■ Exercise material
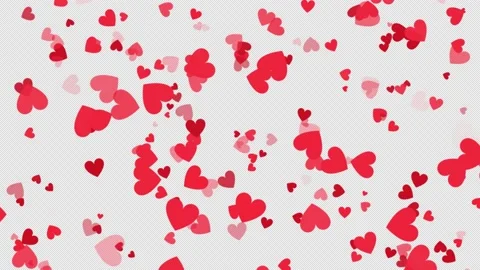 Footage of heart shape symbol falling animation in alpha channel Video stock 146825289
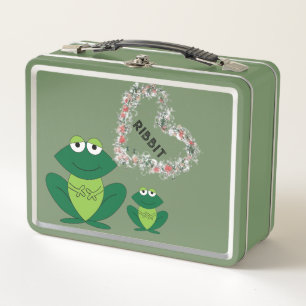 Box Boîte à lunch en métal Grenouille et fleurs unilat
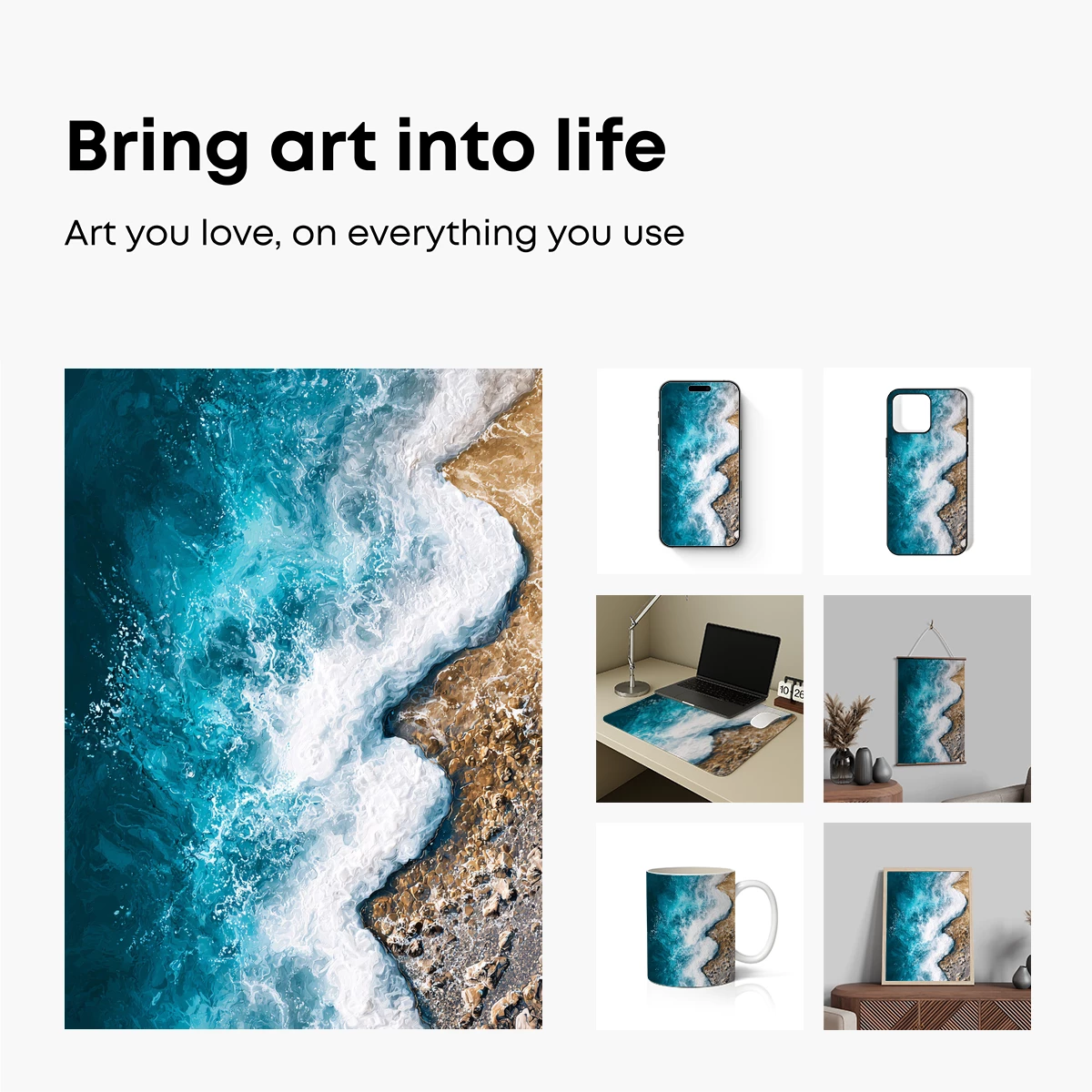 Azure Waves Crashing on Golden Shore - Image 2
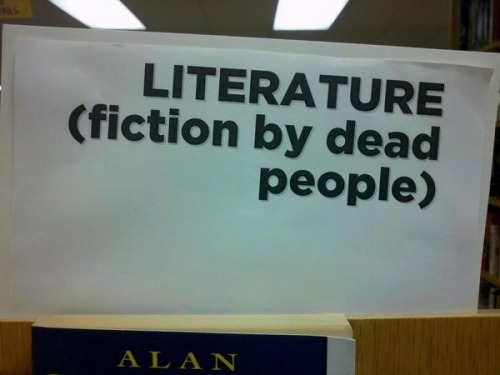 One book store finds an interesting way to separate “fiction” from “literature.” 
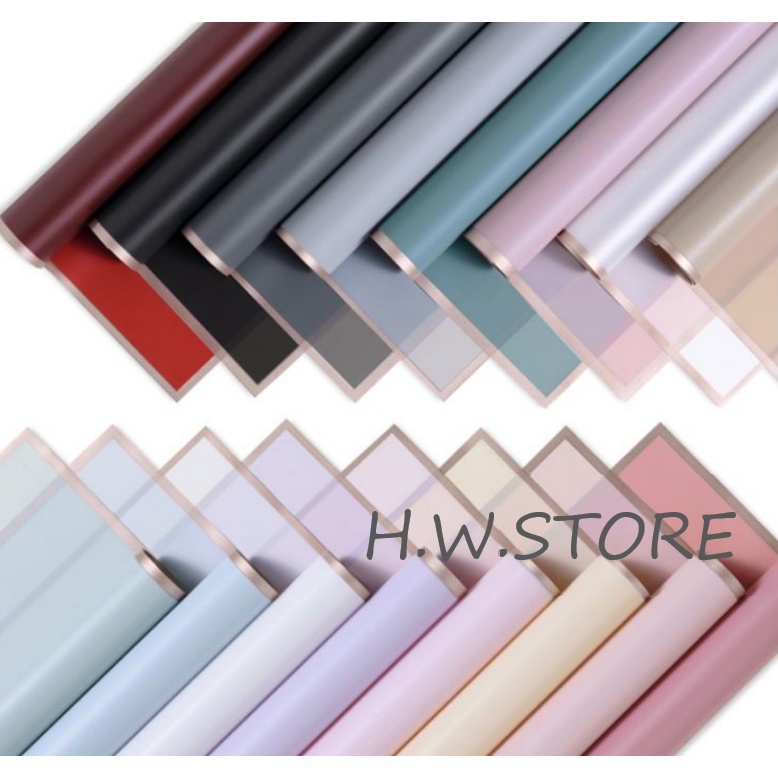 

(Stock updated, hitam ready !!)Jual Kertas Buket, Cellophane paper, Wrapping paper waterproof lis emas/gold line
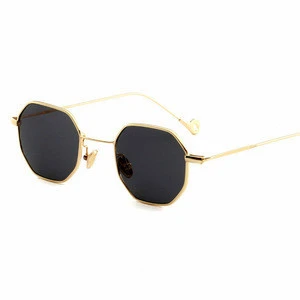 2018 New Fashion USA Hipster Cheap Sun glasses Women Retro Vintage Octagon Hexagon Custom Metal Women Stylish Sunglasses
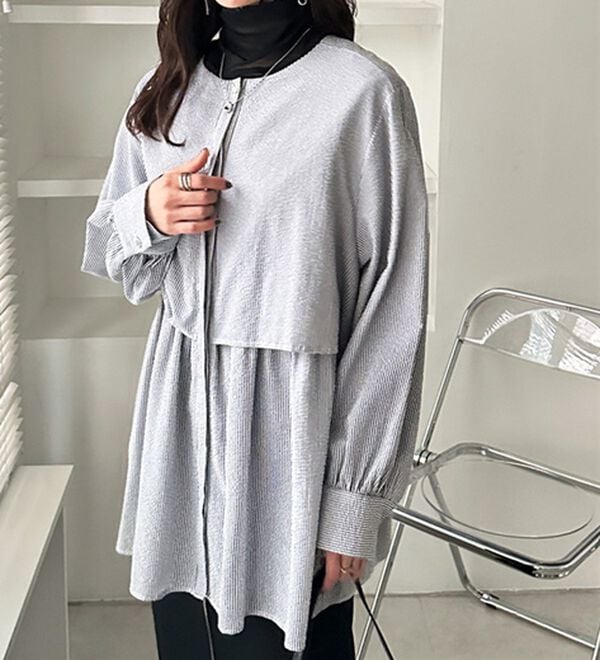 GeeRA（ジーラ）の「羽織にもなる！ペプラムシャツチュニック（チュニック）」｜詳細画像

■ Work item
For this exercise, print all of the entries exactly as they appear, but without pictures.

■ Answer for this exercise
 Footage of heart shape symbol falling animation in alpha channel Video stock 146825289
 Box Boîte à lunch en métal Grenouille et fleurs unilat
 Azure Waves Crashing on Golden Shore - Image 2
 One book store finds an interesting way to separate “fiction” from “literature.” 

(Stock updated, hitam ready !!)Jual Kertas Buket, Cellophane paper, Wrapping paper waterproof lis emas/gold line
 2018 New Fashion USA Hipster Cheap Sun glasses Women Retro Vintage Octagon Hexagon Custom Metal Women Stylish Sunglasses
 GeeRA（ジーラ）の「羽織にもなる！ペプラムシャツチュニック（チュニック）」｜詳細画像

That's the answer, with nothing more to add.